Comme je l’indique dans ma proposition d’expérience, puisqu’il y aurait eu un processus archétypal de l’intellectualisation du temps voire de l’espace-temps chez les ancêtres de l’être humain, la zone du cerveau, qui est activée lorsque l’espace-temps parcouru par un objet quantique est un donné connu, ne peut être que distincte de celle qui est activée lorsqu’il est inconnu. Lorsque l’espace-temps est un donné connu, la zone archaïque du cerveau activée nous conduit à inférer qu’un objet ponctuel se déplace dans l’interféromètre. Lorsque l’espace-temps n’est pas un donné, c’est une autre zone du cerveau qui est activée, qui ne peut pas être qualifiée d’archaïque, et qui privilégie l’inférence d’une dispersion spatio-temporelle[1]. Si on arrive à distinguer qu’effectivement ce sont des zones différentes du cerveau qui sont sollicitées, dans ce cas, on mettra en évidence la contribution du ‘sujet pensant’ dans les bizarreries de la mécanique quantique, et le terme ‘apparaître’ utilisé par les fondateurs de l’Ecole de Copenhague sera justifié.
La pensée scientifique de R. Penrose est guidée par l’Idéalité platonicienne.
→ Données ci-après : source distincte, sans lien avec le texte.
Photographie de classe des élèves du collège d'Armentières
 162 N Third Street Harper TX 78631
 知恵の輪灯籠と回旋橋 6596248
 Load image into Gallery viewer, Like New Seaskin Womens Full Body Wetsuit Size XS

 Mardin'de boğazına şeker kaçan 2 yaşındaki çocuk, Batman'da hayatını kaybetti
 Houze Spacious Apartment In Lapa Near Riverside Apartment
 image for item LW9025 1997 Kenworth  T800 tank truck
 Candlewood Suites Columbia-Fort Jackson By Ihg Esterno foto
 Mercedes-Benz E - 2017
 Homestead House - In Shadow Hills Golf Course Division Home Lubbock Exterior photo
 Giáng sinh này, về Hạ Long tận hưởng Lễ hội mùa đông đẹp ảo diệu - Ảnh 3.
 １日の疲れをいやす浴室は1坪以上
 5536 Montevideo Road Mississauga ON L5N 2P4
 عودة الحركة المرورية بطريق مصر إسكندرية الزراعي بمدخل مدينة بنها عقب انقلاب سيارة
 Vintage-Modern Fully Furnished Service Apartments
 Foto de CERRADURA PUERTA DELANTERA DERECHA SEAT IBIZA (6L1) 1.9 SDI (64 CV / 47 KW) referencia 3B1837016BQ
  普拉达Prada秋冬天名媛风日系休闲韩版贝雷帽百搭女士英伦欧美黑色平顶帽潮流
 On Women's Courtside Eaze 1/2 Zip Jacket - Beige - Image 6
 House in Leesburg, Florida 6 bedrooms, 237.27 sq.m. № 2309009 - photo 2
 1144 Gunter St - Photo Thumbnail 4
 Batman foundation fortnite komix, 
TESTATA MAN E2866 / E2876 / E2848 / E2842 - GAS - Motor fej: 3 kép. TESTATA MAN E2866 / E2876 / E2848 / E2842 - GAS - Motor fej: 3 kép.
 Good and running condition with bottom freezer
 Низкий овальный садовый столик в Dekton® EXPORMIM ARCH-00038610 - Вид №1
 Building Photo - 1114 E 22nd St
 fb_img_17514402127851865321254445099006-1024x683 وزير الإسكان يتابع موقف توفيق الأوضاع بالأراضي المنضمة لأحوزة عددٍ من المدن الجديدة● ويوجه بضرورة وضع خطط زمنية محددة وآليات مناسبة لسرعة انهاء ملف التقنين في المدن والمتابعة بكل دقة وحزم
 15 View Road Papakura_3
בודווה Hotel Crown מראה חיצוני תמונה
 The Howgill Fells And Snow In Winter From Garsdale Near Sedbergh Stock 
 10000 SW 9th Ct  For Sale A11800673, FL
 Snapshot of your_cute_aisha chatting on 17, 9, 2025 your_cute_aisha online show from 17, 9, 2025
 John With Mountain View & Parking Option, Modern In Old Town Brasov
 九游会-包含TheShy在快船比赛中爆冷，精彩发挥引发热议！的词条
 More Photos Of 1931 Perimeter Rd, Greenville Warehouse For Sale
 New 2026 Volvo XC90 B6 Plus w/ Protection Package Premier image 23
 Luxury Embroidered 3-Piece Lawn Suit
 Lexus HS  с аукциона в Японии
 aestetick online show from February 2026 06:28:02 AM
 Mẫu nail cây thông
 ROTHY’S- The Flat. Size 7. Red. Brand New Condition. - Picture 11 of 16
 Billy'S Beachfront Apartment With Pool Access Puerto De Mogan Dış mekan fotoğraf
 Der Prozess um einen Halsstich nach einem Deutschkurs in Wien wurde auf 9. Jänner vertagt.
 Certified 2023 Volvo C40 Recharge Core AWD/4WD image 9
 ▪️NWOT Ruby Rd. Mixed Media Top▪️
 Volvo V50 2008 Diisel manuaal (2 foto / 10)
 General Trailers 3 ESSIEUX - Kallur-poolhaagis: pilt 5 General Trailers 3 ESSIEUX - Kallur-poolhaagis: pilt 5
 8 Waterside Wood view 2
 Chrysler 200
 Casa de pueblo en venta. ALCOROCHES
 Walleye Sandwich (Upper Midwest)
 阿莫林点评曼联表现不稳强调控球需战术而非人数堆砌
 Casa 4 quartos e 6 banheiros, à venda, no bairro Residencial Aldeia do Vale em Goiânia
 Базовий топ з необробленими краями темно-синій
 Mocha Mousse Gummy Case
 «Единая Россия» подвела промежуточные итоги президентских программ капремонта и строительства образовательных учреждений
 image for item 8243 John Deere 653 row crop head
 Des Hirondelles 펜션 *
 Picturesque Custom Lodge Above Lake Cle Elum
Il considère donc que la loi de la relativité générale est une magnifique illustration de sa conception platonicienne de l’Univers et une belle illustration de la voie par laquelle le scientifique peut accéder à la bonne connaissance. Cette voie étant essentiellement celle des mathématiques, bien évidemment, (qui sont préinscrites sur les pages de l’Univers Platonicien). Pour cette raison, il est convaincu que toute recherche théorique visant à rendre compte de la gravité quantique ne peut s’engager qu’à partir de la loi de la relativité générale et de ses propriétés fondamentales pour aller vers une quantification. La théorie des cordes emprunte exactement le chemin inverse, puisque c’est à partir de la M.Q. que l’on vise à formuler une théorie de la gravitation quantique satisfaisante. Ceci a été entrepris au début des années 1970, des développements ont connu des rebonds importants et successifs mais cela n’a toujours pas abouti. Penrose a donc un regard très critique vis-à-vis de cette théorie des cordes et tout autant sur la cosmologie inflationnaire[p1] qui fait appel aussi à la théorie quantique des champs.
Bref on peut considérer que son nouveau livre est probablement une bonne reprise de tous ses livres déjà publiés et qui ont déjà utilement nourri notre réflexion.
[1] A priori, je ne suis pas un adepte de la philosophie empiriste (voir : F. Bacon, J. Locke…, D. Hume) pour rendre compte de la voie d’accès à la connaissance mais je suis convaincu qu’analyser pour mieux comprendre l’évolution historique de la connaissance permet d’accéder à de la signification et partant d’emprunter une/des voie(s) nouvelle(s) de connaissances.